I am not Chinese; I no longer live in China. Since I last stepped foot there, the world has changed, and then changed again. But knowing, loving, praying for, serving, and being served by the women of China is one of the greatest privileges of my life. We hope that this month global Christians can join us in turning their eyes to Chinese sisters. We invite you to join us in learning about and praying for the more than 680 million women in China, a growing number of whom profess Christ. Know these sisters; learn from these sisters; pray for these sisters. Love our Chinese sisters.
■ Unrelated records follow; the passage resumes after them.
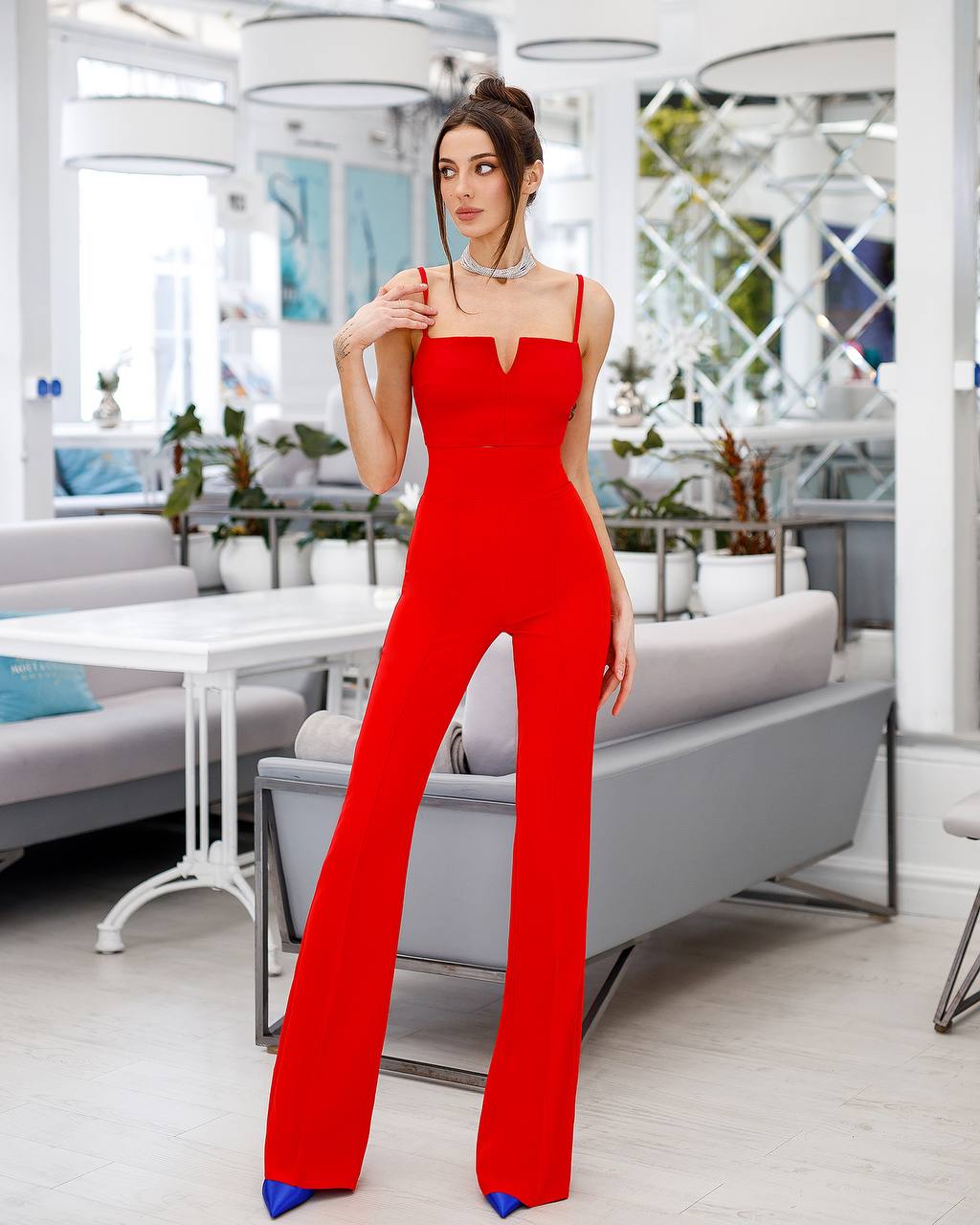 Woman in a red jumpsuit standing in a modern indoor setting with white furniture and plants.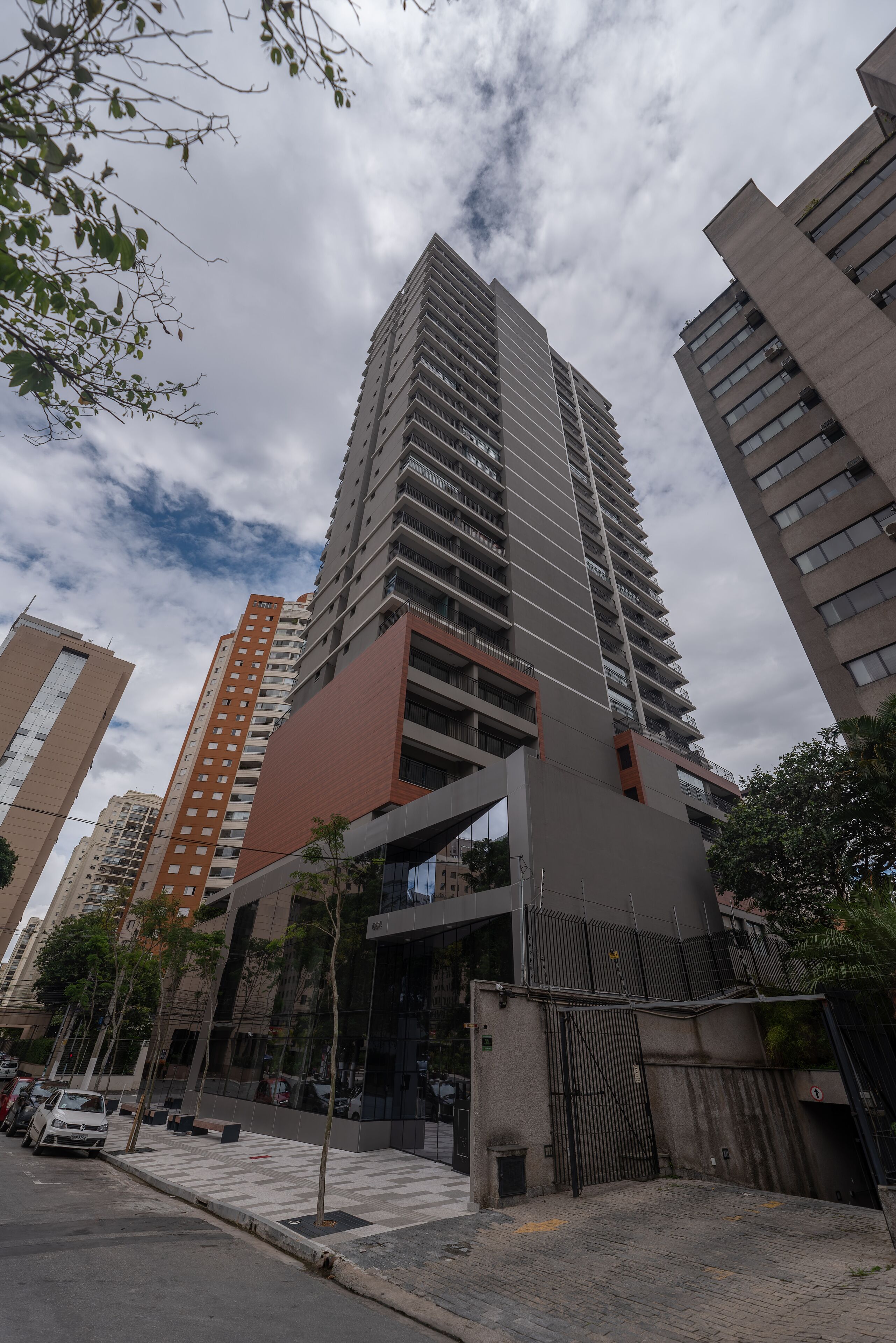 A high-rise building with multiple floors, a gated entrance, and a parking area with cars.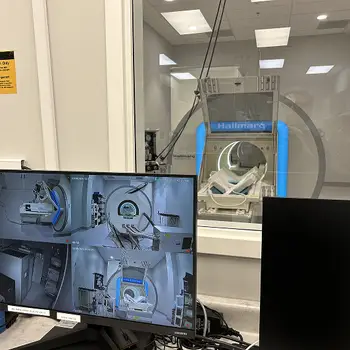 A Hallmarq MRI machine viewed through a window, with a monitor showing multiple angles of the machine.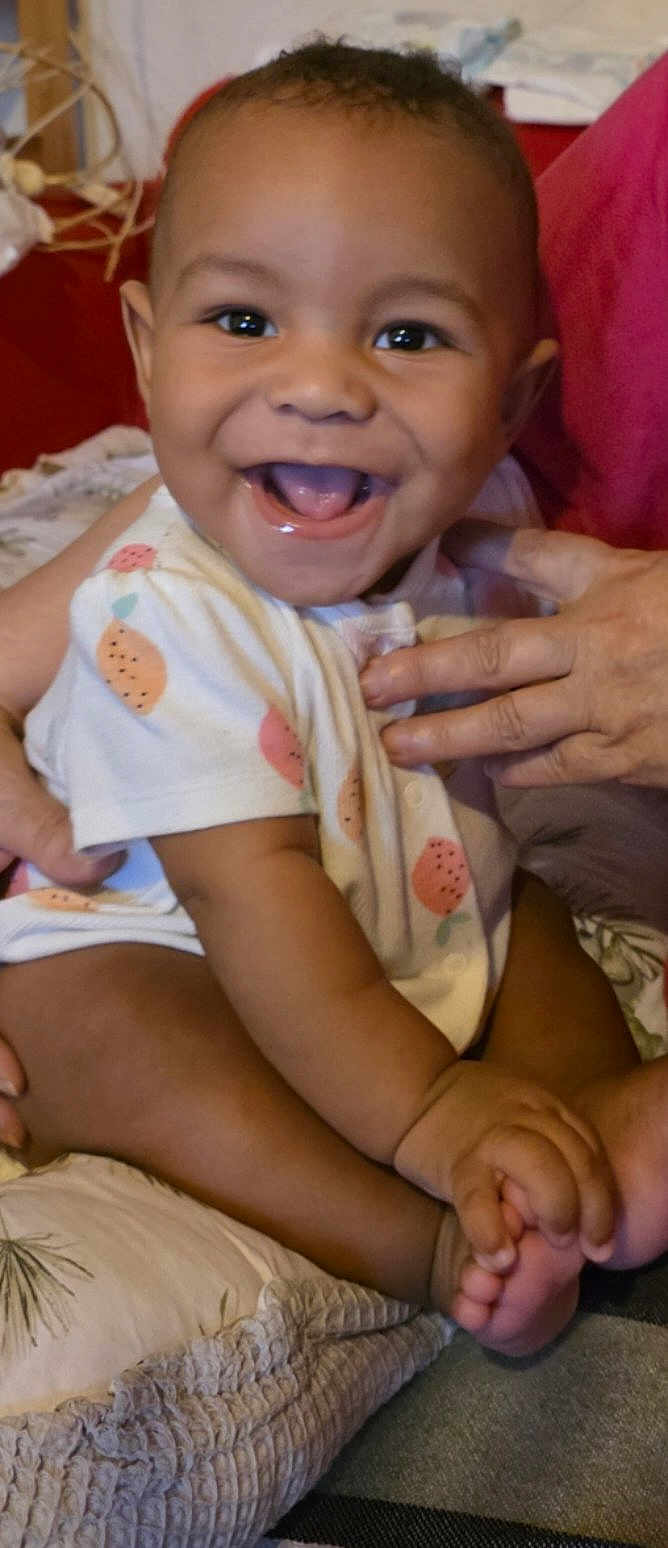 Saïan participe au concours pour gagner de l'argent avec cette photo : baby, smiling, infant, child, onesie, fruit_pattern, hand, pillow, happy, cute, sitting, indoors, person, skin, face, mouth_open, toes, support, closeup, joyful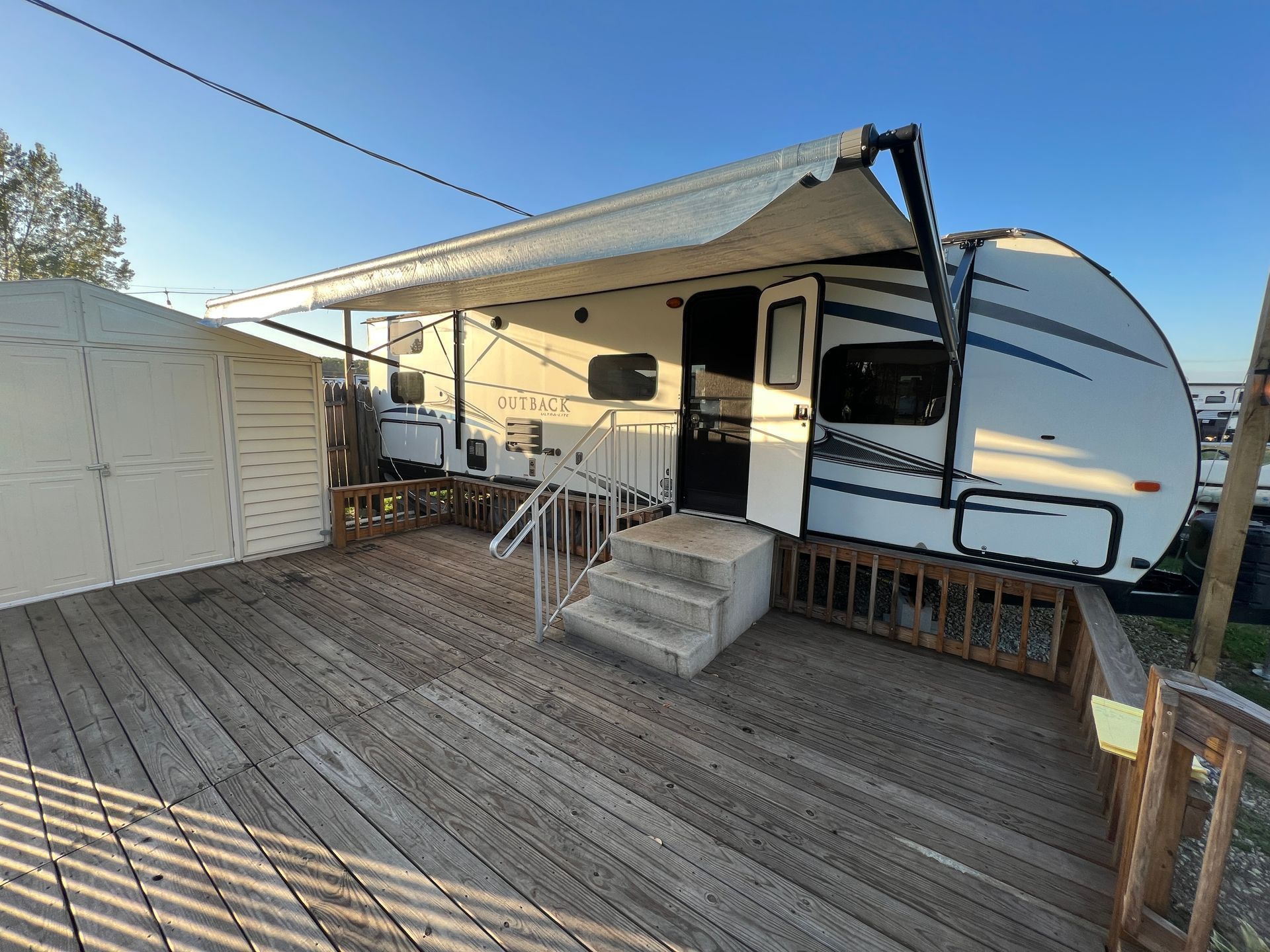 A white trailer with a canopy is parked on a wooden deck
This is not a one-way street. Some years ago, my family was preparing to leave China for good, after more than a decade of involvement in work in Mainland China. A few months before we left, an old friend, someone I used to disciple during her university years, traveled across the country to visit me from the city where she now lived. It had been several years since I had last seen her: in the interim, we had both married and become moms. My friend brought her two young daughters along, and I was home alone with my own small children while my husband traveled.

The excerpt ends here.